(Materials provided)

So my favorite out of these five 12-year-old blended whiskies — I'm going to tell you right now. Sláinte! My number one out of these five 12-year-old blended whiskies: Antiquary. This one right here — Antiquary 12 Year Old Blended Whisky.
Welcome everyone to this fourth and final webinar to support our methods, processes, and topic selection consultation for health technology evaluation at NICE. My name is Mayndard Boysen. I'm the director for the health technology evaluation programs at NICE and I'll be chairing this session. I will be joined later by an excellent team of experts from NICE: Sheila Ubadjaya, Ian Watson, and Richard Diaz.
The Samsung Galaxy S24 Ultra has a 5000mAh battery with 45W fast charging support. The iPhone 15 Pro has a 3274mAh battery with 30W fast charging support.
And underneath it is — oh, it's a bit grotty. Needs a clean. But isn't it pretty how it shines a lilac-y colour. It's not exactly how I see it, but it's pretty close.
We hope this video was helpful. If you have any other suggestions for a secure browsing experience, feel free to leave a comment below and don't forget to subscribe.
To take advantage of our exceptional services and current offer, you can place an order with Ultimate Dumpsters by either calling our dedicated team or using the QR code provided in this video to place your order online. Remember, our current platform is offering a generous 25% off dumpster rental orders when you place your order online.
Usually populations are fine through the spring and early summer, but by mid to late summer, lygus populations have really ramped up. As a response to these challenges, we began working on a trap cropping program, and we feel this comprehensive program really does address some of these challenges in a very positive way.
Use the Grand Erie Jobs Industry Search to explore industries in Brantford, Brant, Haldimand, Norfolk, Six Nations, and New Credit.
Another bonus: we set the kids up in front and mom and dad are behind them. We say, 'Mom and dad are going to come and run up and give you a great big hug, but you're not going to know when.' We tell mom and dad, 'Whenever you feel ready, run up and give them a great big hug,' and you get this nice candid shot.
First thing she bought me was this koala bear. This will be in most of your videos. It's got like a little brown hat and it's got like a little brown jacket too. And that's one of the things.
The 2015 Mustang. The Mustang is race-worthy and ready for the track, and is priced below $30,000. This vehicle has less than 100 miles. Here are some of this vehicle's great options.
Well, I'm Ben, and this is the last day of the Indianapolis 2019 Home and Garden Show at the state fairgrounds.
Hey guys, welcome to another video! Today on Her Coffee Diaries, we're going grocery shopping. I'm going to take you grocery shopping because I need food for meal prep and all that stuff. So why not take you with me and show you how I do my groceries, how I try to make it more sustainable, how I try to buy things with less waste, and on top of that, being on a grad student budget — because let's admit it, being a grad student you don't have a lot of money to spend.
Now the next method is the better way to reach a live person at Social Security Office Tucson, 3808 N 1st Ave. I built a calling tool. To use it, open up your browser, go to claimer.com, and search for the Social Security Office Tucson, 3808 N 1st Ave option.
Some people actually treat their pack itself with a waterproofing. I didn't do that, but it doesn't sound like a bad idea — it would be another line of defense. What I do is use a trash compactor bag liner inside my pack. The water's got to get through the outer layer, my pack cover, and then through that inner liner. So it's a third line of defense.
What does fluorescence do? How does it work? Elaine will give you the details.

(End Materials provided)

Work task: Reproduce every line above without error.

Written solution:
So my favorite out of these five 12-year-old blended whiskies — I'm going to tell you right now. Sláinte! My number one out of these five 12-year-old blended whiskies: Antiquary. This one right here — Antiquary 12 Year Old Blended Whisky.
Welcome everyone to this fourth and final webinar to support our methods, processes, and topic selection consultation for health technology evaluation at NICE. My name is Mayndard Boysen. I'm the director for the health technology evaluation programs at NICE and I'll be chairing this session. I will be joined later by an excellent team of experts from NICE: Sheila Ubadjaya, Ian Watson, and Richard Diaz.
The Samsung Galaxy S24 Ultra has a 5000mAh battery with 45W fast charging support. The iPhone 15 Pro has a 3274mAh battery with 30W fast charging support.
And underneath it is — oh, it's a bit grotty. Needs a clean. But isn't it pretty how it shines a lilac-y colour. It's not exactly how I see it, but it's pretty close.
We hope this video was helpful. If you have any other suggestions for a secure browsing experience, feel free to leave a comment below and don't forget to subscribe.
To take advantage of our exceptional services and current offer, you can place an order with Ultimate Dumpsters by either calling our dedicated team or using the QR code provided in this video to place your order online. Remember, our current platform is offering a generous 25% off dumpster rental orders when you place your order online.
Usually populations are fine through the spring and early summer, but by mid to late summer, lygus populations have really ramped up. As a response to these challenges, we began working on a trap cropping program, and we feel this comprehensive program really does address some of these challenges in a very positive way.
Use the Grand Erie Jobs Industry Search to explore industries in Brantford, Brant, Haldimand, Norfolk, Six Nations, and New Credit.
Another bonus: we set the kids up in front and mom and dad are behind them. We say, 'Mom and dad are going to come and run up and give you a great big hug, but you're not going to know when.' We tell mom and dad, 'Whenever you feel ready, run up and give them a great big hug,' and you get this nice candid shot.
First thing she bought me was this koala bear. This will be in most of your videos. It's got like a little brown hat and it's got like a little brown jacket too. And that's one of the things.
The 2015 Mustang. The Mustang is race-worthy and ready for the track, and is priced below $30,000. This vehicle has less than 100 miles. Here are some of this vehicle's great options.
Well, I'm Ben, and this is the last day of the Indianapolis 2019 Home and Garden Show at the state fairgrounds.
Hey guys, welcome to another video! Today on Her Coffee Diaries, we're going grocery shopping. I'm going to take you grocery shopping because I need food for meal prep and all that stuff. So why not take you with me and show you how I do my groceries, how I try to make it more sustainable, how I try to buy things with less waste, and on top of that, being on a grad student budget — because let's admit it, being a grad student you don't have a lot of money to spend.
Now the next method is the better way to reach a live person at Social Security Office Tucson, 3808 N 1st Ave. I built a calling tool. To use it, open up your browser, go to claimer.com, and search for the Social Security Office Tucson, 3808 N 1st Ave option.
Some people actually treat their pack itself with a waterproofing. I didn't do that, but it doesn't sound like a bad idea — it would be another line of defense. What I do is use a trash compactor bag liner inside my pack. The water's got to get through the outer layer, my pack cover, and then through that inner liner. So it's a third line of defense.
What does fluorescence do? How does it work? Elaine will give you the details.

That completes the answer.